Automatic Assembly (9/16)

The product designer must analyse the product and consider if it can be economically assembled in it's present state, or decide if design changes are necessary for automatic assembly.  In practice, the majority of products assembled manually require design changes to make automatic assembly viable.  The product designer must consider what further benefits can be gained from more re­designing of design features, assembly operations, or even the elimination of parts.  The process of design for automatic assembly is best effected by a systematic approach. A structured method for evaluating designs to identify inefficient features has been developed by UMass and other organisations.

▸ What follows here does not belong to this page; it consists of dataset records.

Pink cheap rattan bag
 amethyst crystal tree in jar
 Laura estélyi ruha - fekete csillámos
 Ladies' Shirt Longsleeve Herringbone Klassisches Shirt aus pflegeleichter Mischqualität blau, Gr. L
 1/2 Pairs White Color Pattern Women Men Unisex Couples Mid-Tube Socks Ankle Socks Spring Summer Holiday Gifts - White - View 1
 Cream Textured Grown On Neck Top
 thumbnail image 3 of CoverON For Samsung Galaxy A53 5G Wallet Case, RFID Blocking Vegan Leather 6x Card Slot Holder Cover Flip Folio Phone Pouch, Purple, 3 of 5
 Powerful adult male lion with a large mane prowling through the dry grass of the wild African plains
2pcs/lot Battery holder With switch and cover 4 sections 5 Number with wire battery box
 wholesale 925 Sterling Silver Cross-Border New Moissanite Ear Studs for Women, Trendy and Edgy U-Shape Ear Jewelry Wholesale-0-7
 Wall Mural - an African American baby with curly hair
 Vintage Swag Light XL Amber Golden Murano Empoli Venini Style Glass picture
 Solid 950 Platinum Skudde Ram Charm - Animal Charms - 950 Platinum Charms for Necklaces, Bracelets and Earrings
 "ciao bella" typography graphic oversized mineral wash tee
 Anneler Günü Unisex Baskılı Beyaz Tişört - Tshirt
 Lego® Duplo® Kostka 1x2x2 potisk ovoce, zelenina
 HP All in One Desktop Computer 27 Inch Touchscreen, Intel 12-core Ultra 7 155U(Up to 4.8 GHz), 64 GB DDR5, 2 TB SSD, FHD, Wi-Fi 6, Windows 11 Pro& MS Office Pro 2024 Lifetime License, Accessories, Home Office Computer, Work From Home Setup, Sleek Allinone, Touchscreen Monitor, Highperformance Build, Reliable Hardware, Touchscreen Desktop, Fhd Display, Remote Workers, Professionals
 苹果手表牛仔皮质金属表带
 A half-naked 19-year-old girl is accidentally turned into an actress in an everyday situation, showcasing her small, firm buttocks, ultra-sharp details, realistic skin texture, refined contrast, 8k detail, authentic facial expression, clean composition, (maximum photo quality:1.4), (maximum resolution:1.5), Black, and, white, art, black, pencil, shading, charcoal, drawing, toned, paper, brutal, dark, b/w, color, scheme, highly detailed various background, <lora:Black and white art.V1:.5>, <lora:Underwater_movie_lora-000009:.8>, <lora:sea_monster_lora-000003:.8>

An automatic feeding device and, at least, one workhead is required for each component to be automatically assembled into a part-built product.  A significant reduction in cost is achieved by eliminating a part from a product.  Designers should strive for the irreducible number of separate components per assembly, consistent with its performance and fitness for purpose.  An investigation into the function of the product exposes redundant parts and these should be eliminated.

Fasteners, which are separate from the component being secured, should be avoided.  Fastening technologies of the future are based on adhesives, ultrasonic welding, soldering, resistance welding, clip fastening, and twisted tab joining.  Fasteners can be classed as being permanent or semi-permanent. Permanent fasteners do not permit removal, e.g. adhesives.  Semi-permanent fasteners do permit removal, e.g. screws.